**Prompt**
Would you reproduce exactly the lines below from the one holding "A hotel room" through the one holding "A group gathers", inclusive, and no others?

**Data extracts**
—————

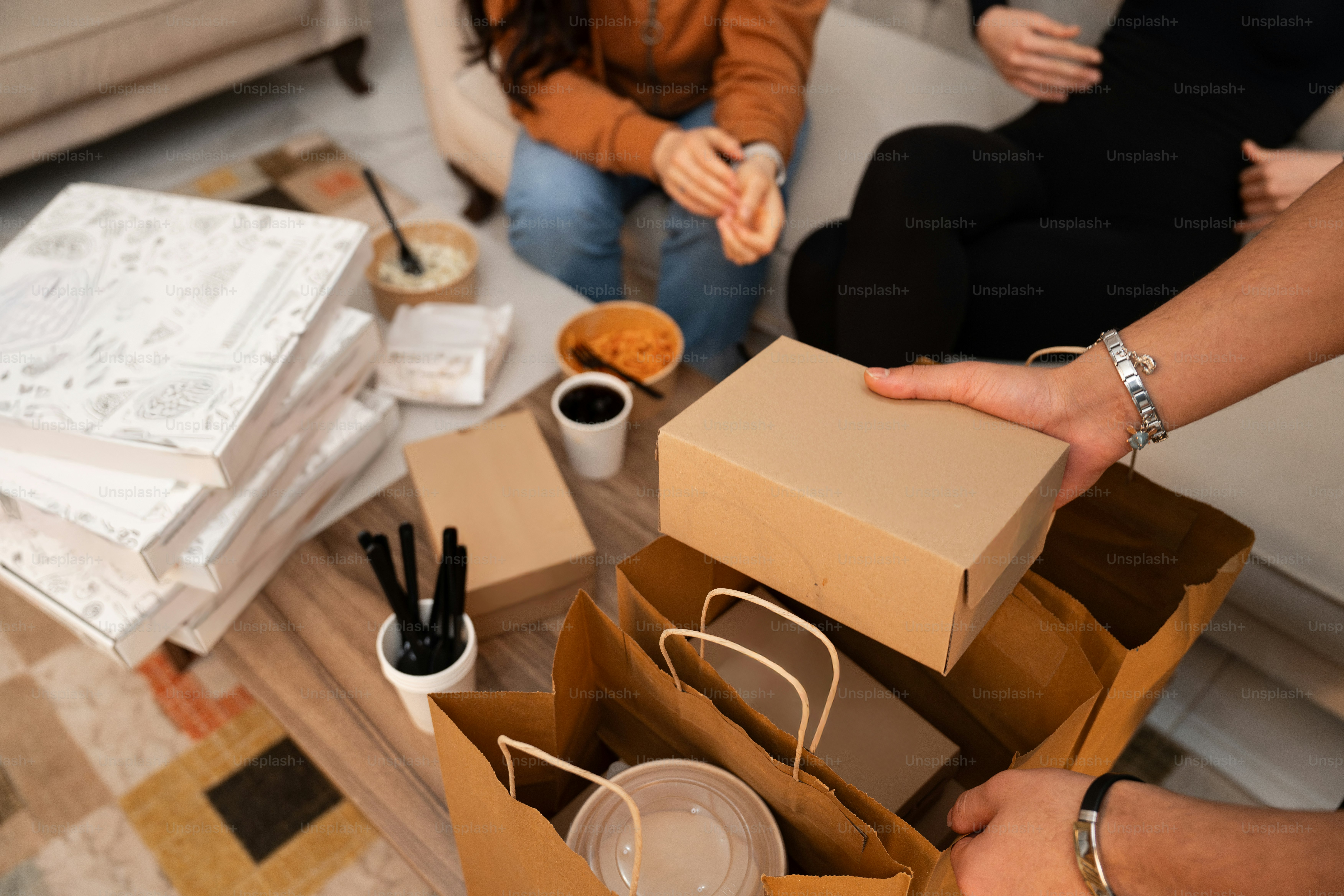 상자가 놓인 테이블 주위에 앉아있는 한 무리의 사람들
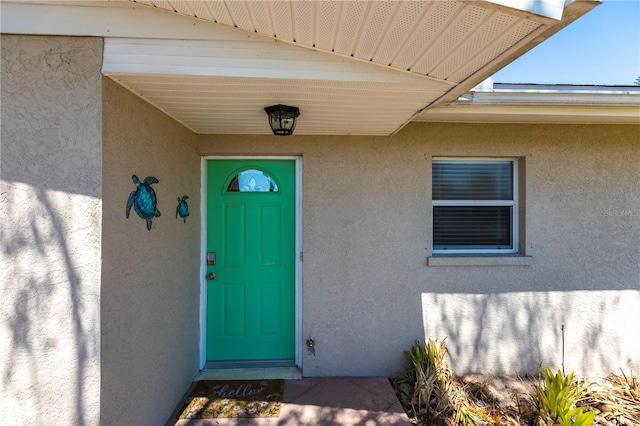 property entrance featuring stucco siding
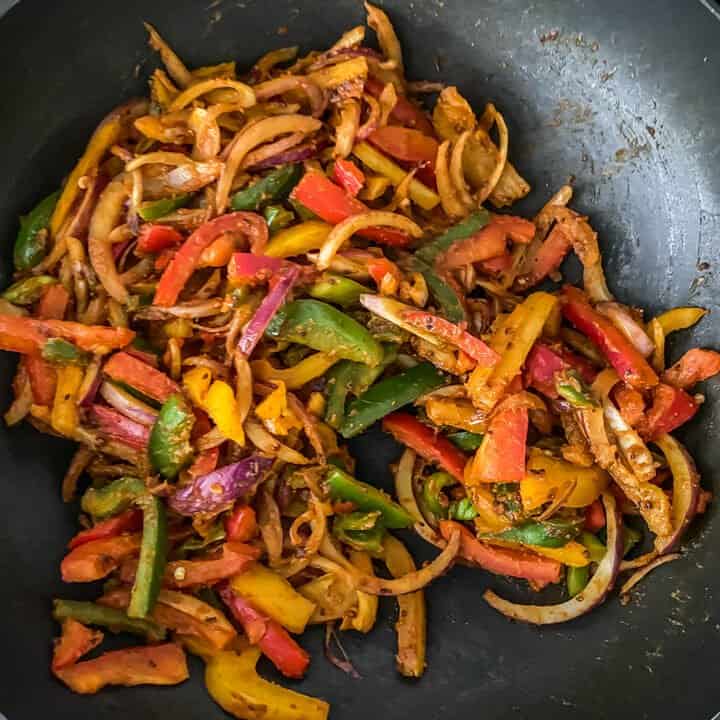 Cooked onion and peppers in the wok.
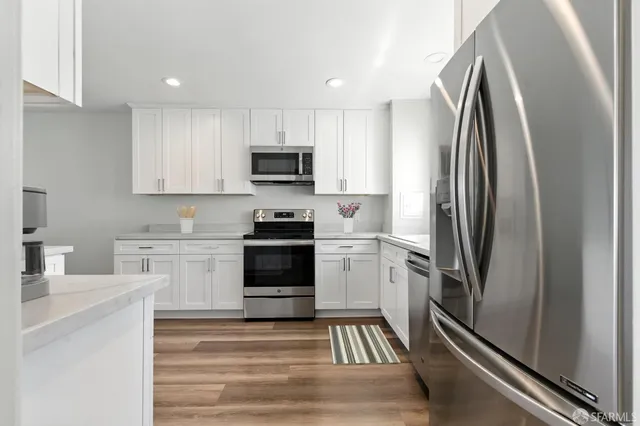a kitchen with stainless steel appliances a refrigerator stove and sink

—————

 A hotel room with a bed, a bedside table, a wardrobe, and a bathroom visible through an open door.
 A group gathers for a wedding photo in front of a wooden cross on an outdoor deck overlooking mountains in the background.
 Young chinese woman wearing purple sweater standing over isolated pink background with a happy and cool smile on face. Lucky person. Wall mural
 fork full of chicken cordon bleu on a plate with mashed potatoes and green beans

—————

**Solution to this problem**
 A hotel room with a bed, a bedside table, a wardrobe, and a bathroom visible through an open door.
 A group gathers for a wedding photo in front of a wooden cross on an outdoor deck overlooking mountains in the background.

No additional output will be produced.